Brazil’s Federal Treasury announced that it had acquired US$ 1 billion
through the sale of bonds denominated Global 2015. The operation was headed by
two banks: Citigroup Global Markets Inc. and JP Morgan Securities Inc. The
asking price was 99.829% of par, offering a 7.90% rate of return to investors.
The financial settlement of the operation is scheduled for March 7, and
interest payments will be made on September 7 and March 7 of each year until the
bonds are due, on March 7, 2015.
The bonds were issued to bolster the country’s international reserves, with
an eye towards the amortization of foreign debt, but the resources may also be
used by the Central Bank for currency market interventions.

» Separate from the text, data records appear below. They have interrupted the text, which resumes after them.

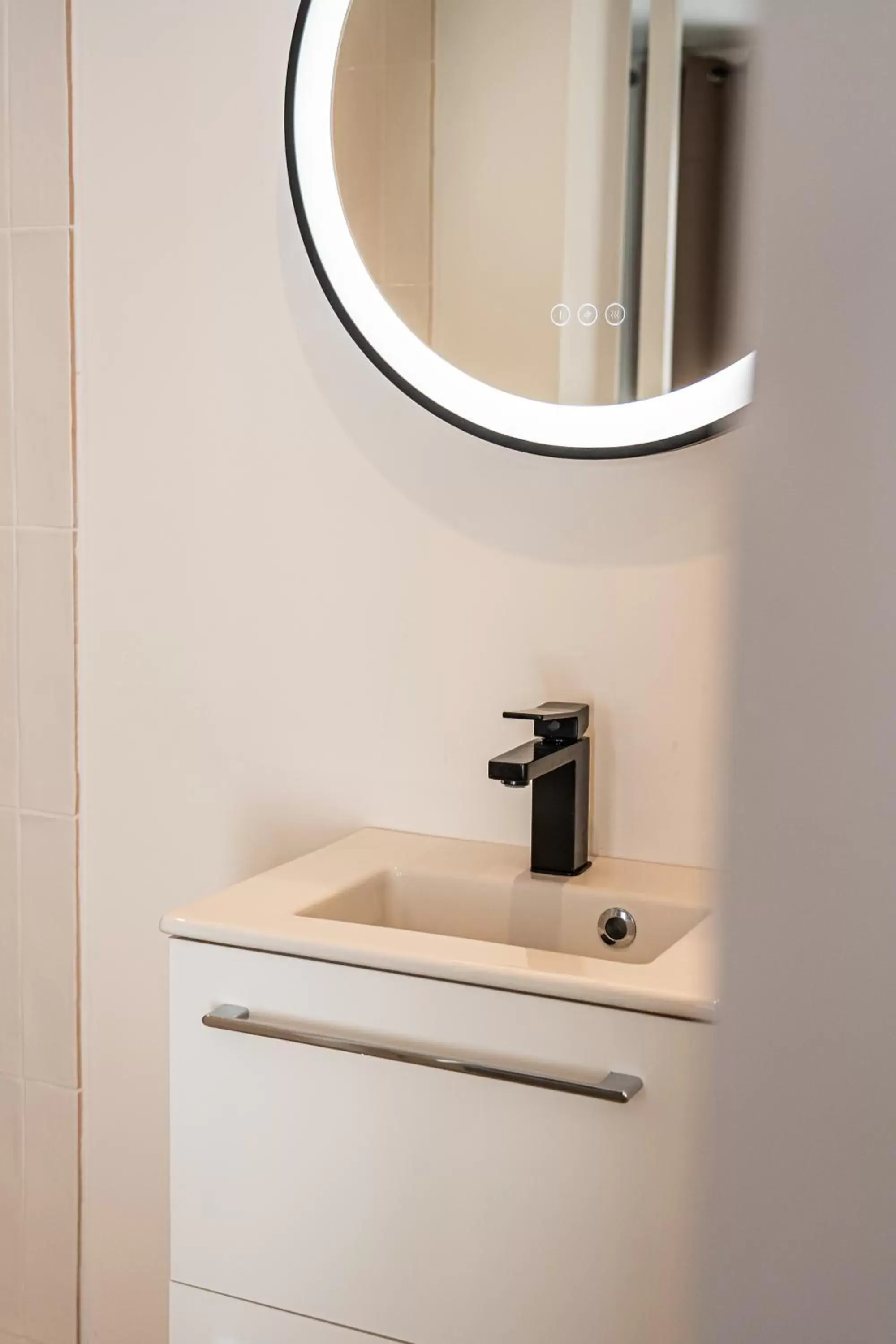 Bathroom in Maison Arthur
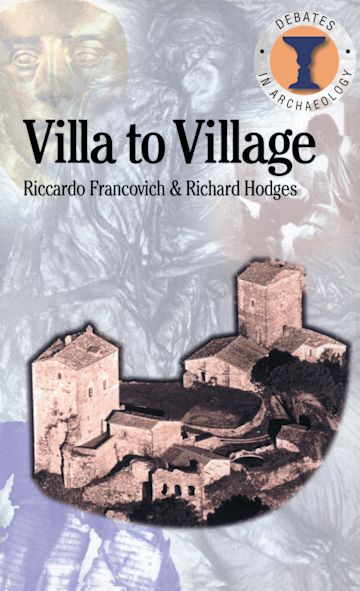 Villa to Village cover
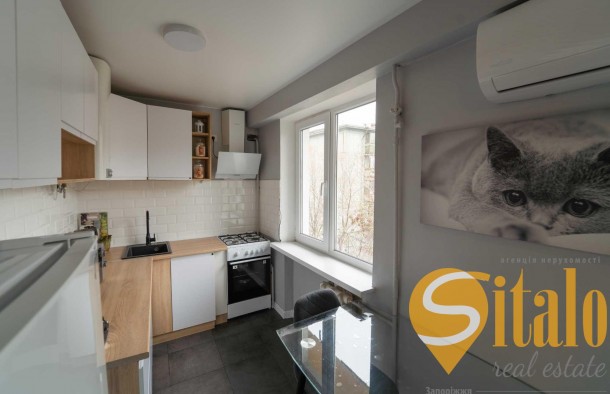 Продаж однокімнатної квартири вул. Поштова площа Вернадського., фото 2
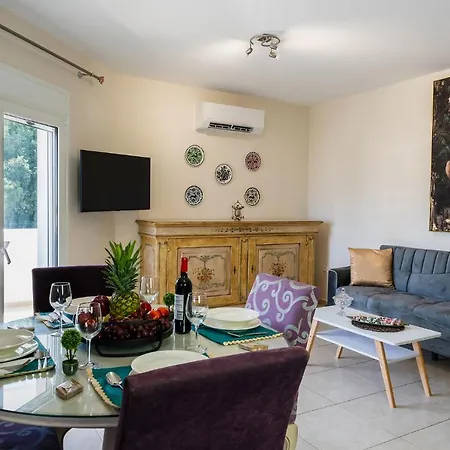 Apartment Namaste Rhodes City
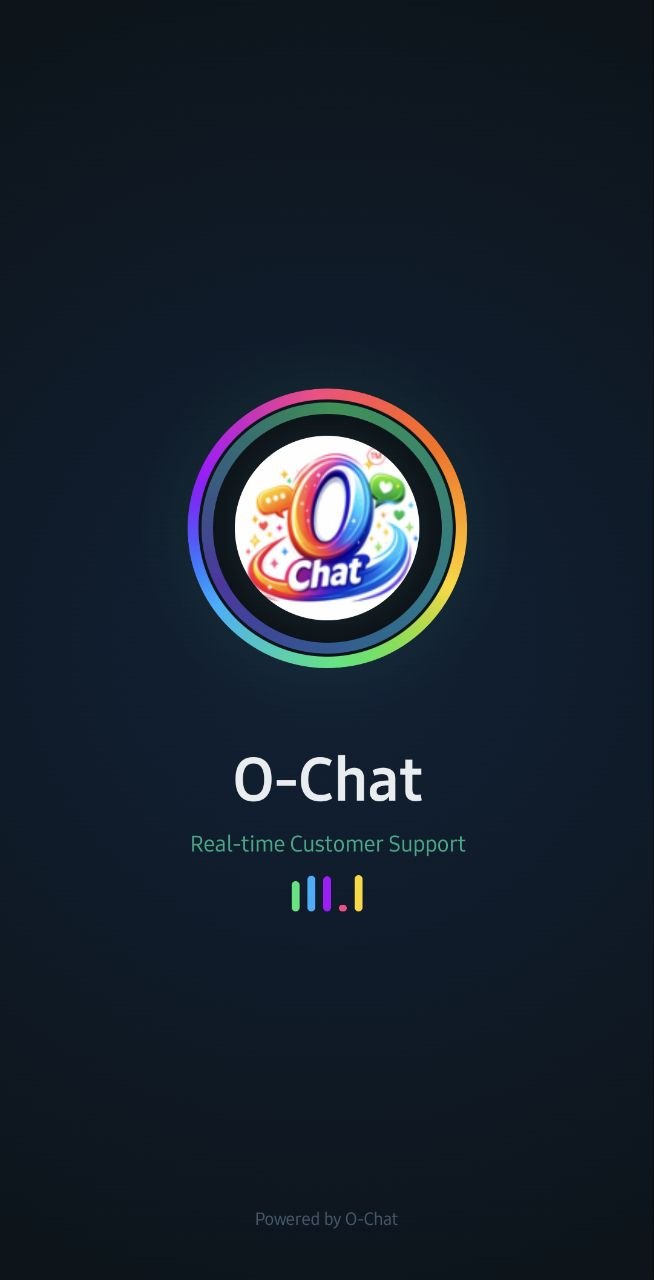 O-Chat Live Visitor Radar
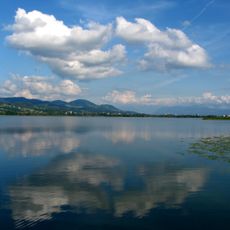 Pfäffikersee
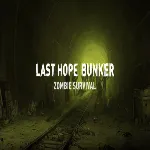🧸 Last Hope Bunker: Zombie Survival ✅ GOG 🧸 (PC)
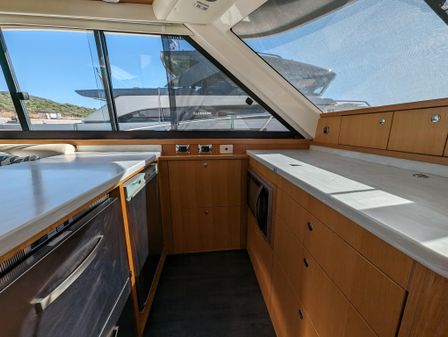 Riviera 45 Open Flybridge image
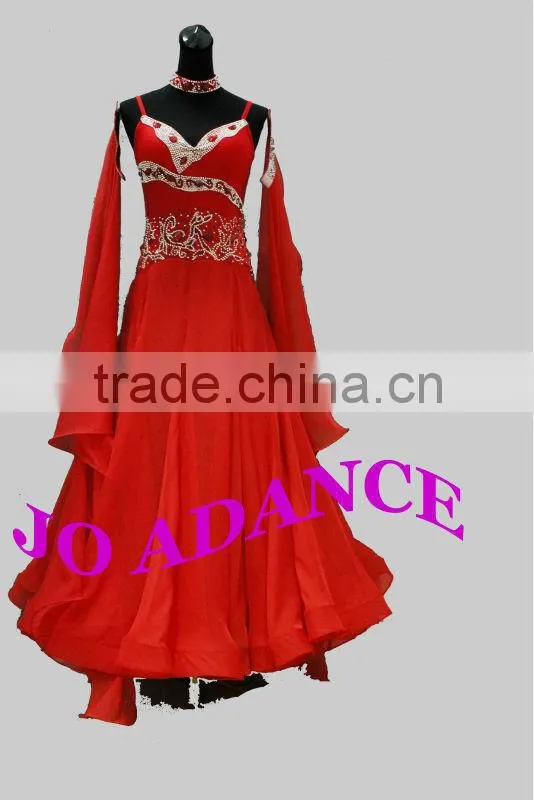 Modern dance competition dance dress GB Modern Dance Competition Dress ballroom dance competition dresses dance dress Tights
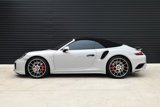 Certified 2019 Porsche 911 Turbo image 2
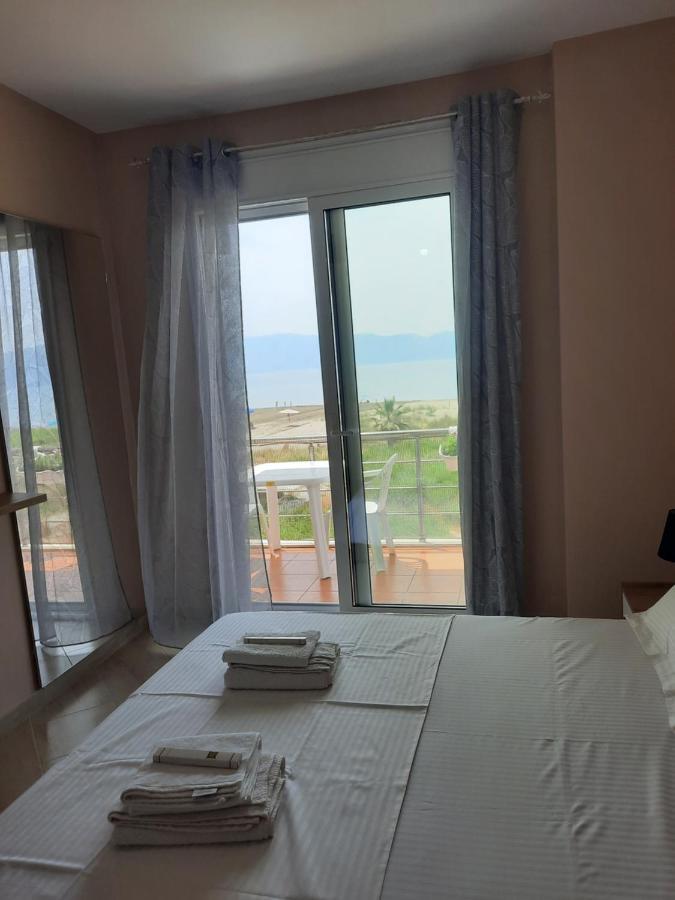 Antea Apartment 3 วญอเรอ ภายนอก รูปภาพ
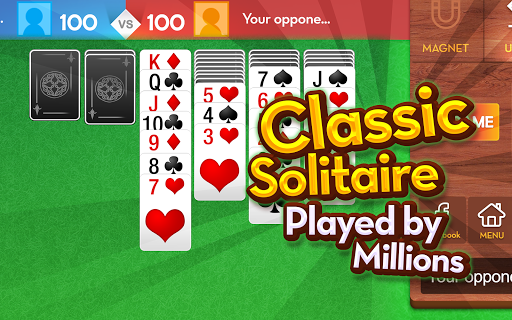  Updated Solitaire Arena App Not Working down White Screen Black blank Screen Loading 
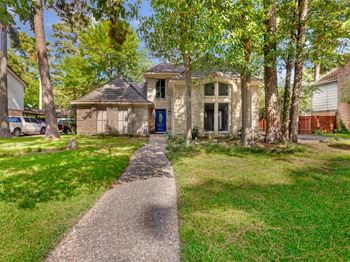 2706 Woodland Grove Drive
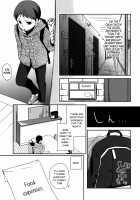 Kanojo No Pet Jinsei 3 / 彼女のペット人生3 [Hitsuji Hako] [Original] Thumbnail Page 02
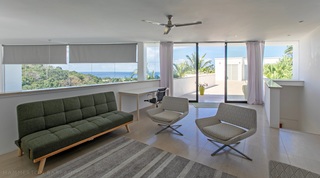 Atelier House villa in Carlton Ridge, Barbados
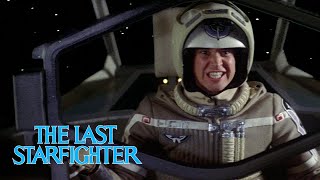 The Last Starfighter  Official Trailer  4K [upl. by Anneehs]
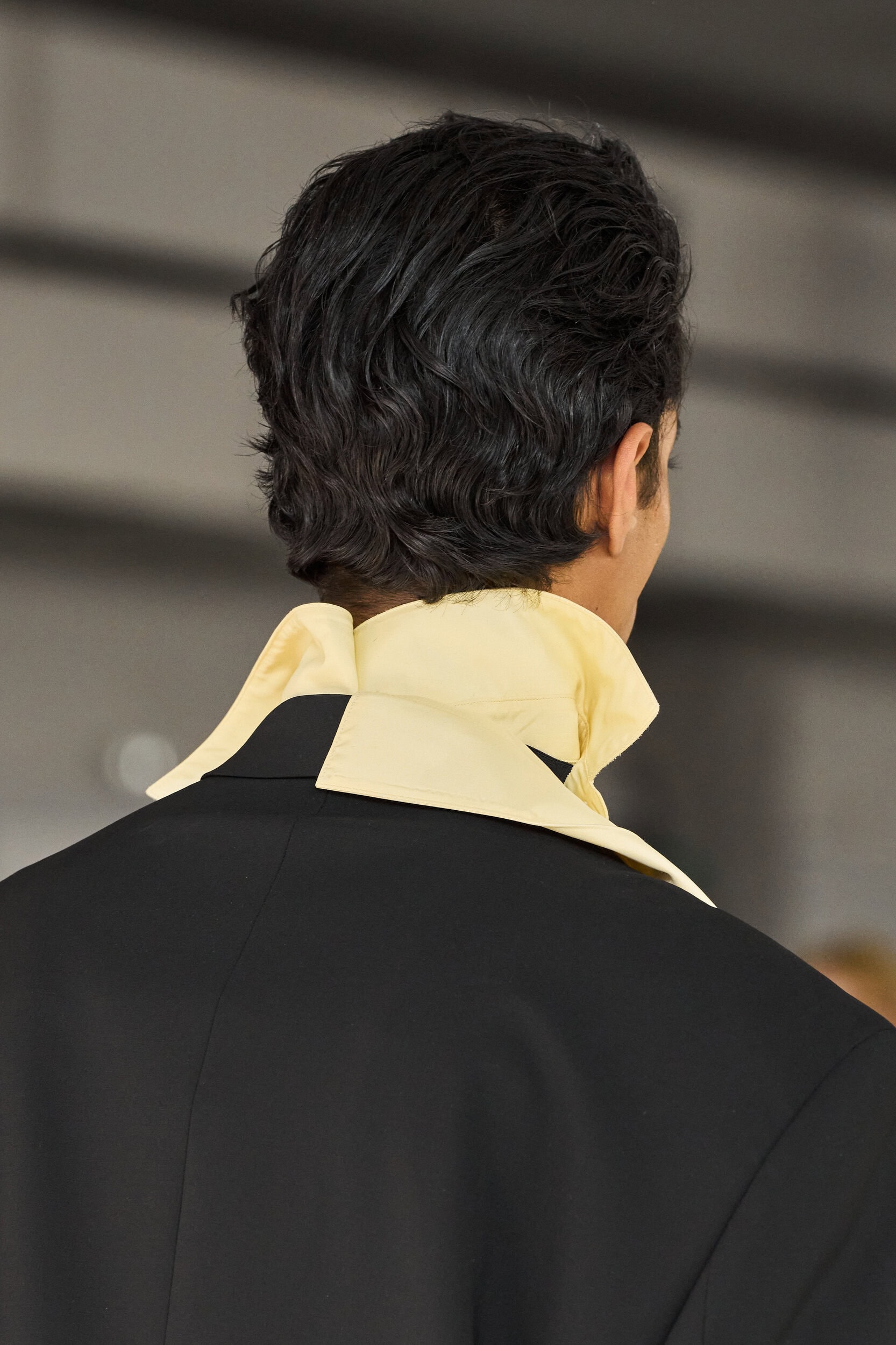 Alainpaul Spring 2026 Fashion Show Details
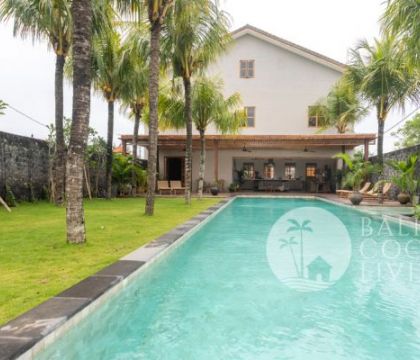 Villa Ni Komang
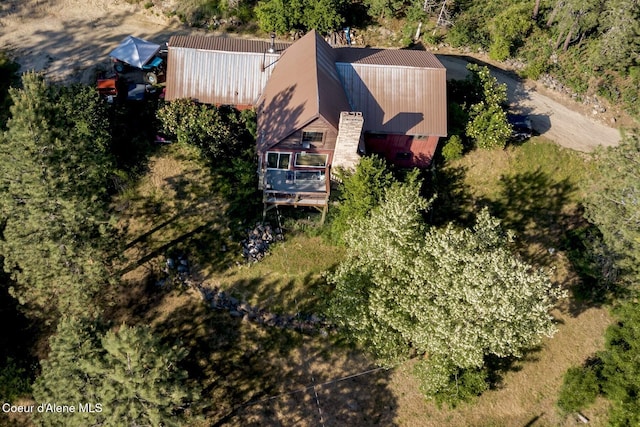 151 Scotts Rd, Priest River, ID 83856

It was determined last year that the country would acquire US$ 6 billion to
add to its reserves. So far bonds have been issued in yens, euros, and dollars,
totaling approximately US$ 4.5 billion.
In January, Brazil’s balance of payments (summarizing the country’s economic
transactions with the rest of the world) achieved a US$ 2.005 billion surplus,
in consequence of a US$ 818 positive balance in current transactions (flows
involving goods and services) and a US$ 1.187 billion surplus in financial
accounts (monetary flows between Brazil and the rest of the world).
These figures appeared in a report on the Foreign Sector released February 21
by Brazil’s Central Bank (BC). Emphasis is given to January’s US$ 2.183 billion
trade surplus and the influx of US$ 1.218 billion in foreign investments. The BC
report also noted that Brazil’s international reserves rose US$ 1.087 billion in
January, raising the total to US$ 54.022 billion.
According to the BC’s Economic Department, in November, 2004, Brazil’s
foreign debt came to US$ 203.527 billion.